How do we decide, however, what we want—and even what we want desperately—when we don’t truly need anything anymore? One answer is that we create needs for ourselves. All of us have had this experience. For our entire lives we lived without iPhones (or even without cell phones), but now, somehow, getting halfway to work or campus and discovering we left our phone at home causes a nervous breakdown.
Advertising plays a role in this need creation. Take the Old Spice body wash ad. Body wash as a personal grooming product was virtually unheard of in the United States until only a few years ago. More, as a product with specific characteristics, it’s hard to see how it marks an advance over old-fashioned soap. This absence of obvious, practical worth at least partially explains why the Old Spice ad provides very little information about the product and nothing by way of comparison with other, similar options (like soap). Still, the Old Spice body wash is a hit. The exact techniques the ad uses are a matter for psychologists, but as the sales numbers show, the thirty-second reel first shown during the Super Bowl has herded a lot of guys into the idea that they need to have it.Noreen O’Leary and Todd Wasserman, “Old Spice Campaign Smells Like a Sales Success, Too,” July 25, 2010, Adweek, accessed June 2, 2011, http://www.adweek.com/news/advertising-branding/old-spice-campaign-smells-sales-success-too-107588.

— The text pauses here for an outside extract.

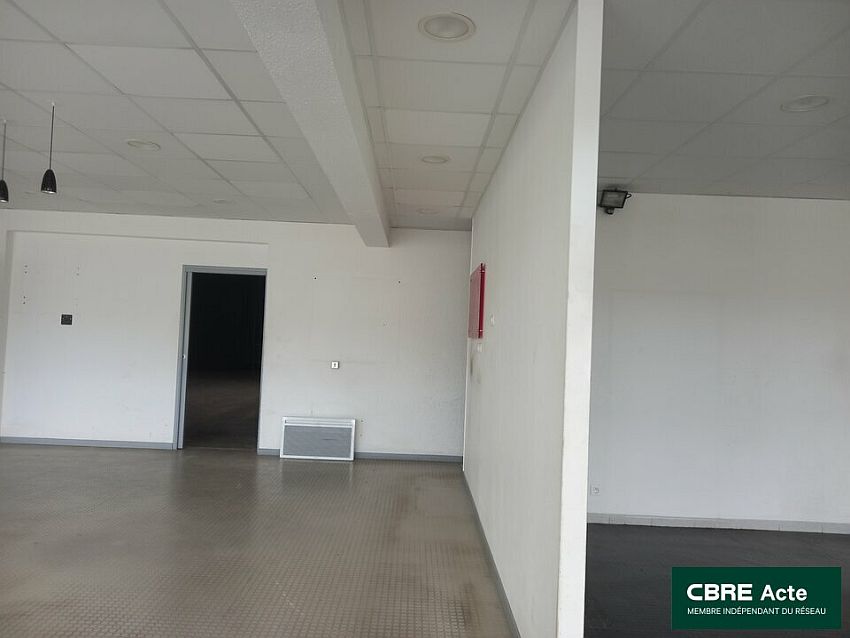 Commerce Location 54270 ESSEY LES NANCY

Is there anything wrong with that? One objection starts by pointing out that corporations producing these goods and selling them with slick ad campaigns aren’t satisfying consumer needs; they’re trying to change who consumers are by making them need new things. Instead of fabricating products consumers want, corporations now fabricate consumers to want their products, and that possibly violates the demand that we respect the dignity and autonomy of others. The principle, for example, that we treat others as ends and not means is clearly transgressed by any advertising that creates needs. First, guys out in the world aren’t being respected as “ends,” as individuals worthy of respect when corporations stop producing their required products better or more cheaply. Second, guys out in the word are being treated as means—as simple instruments of the corporations’ projects—when their desires are manipulated and used to satisfy the corporations’ desire to make money.
Another argument against this kind of desire-creating advertising starts from a rights approach. According to the theory that freedom is the highest good, we’re all licensed to do whatever we want as long as our acts don’t curtail the freedom of others. The argument could be made that using sophisticated advertising campaigns to manipulate what people want is, in effect, curtailing their freedom at the most fundamental level. Old Spice’s advertising strategy is enslaving people to desires that they didn’t freely choose.
A final argument against need creation with advertising is the broad utilitarian worry that consumers are being converted into chronically, even permanently unhappy people because they have no way to actually satisfy their desires. If you work to attain something you’ve been told you’re supposed to want, and the second you get it some new company enters with the news that now there’s something else you need, the emotional condition of not being satisfied threatens to become permanent. Like mice trapped on a running wheel, consumers are caught chasing after a durable satisfaction they can’t ever reach.
On the other side of the argument, defenders and advocates of desire-creating advertisements like the one Old Spice presented claim (correctly) that their announcements aren’t violating the most traditional and fundamental marketing duty, which is to tell the truth. The Old Spice ad, in fact, doesn’t really say anything that’s either true or false. Given that, given that there’s no attempt to mislead, the company is perfectly within its rights to provide visions of new kinds of lives for consumers to consider, accept or reject, buy or pass over.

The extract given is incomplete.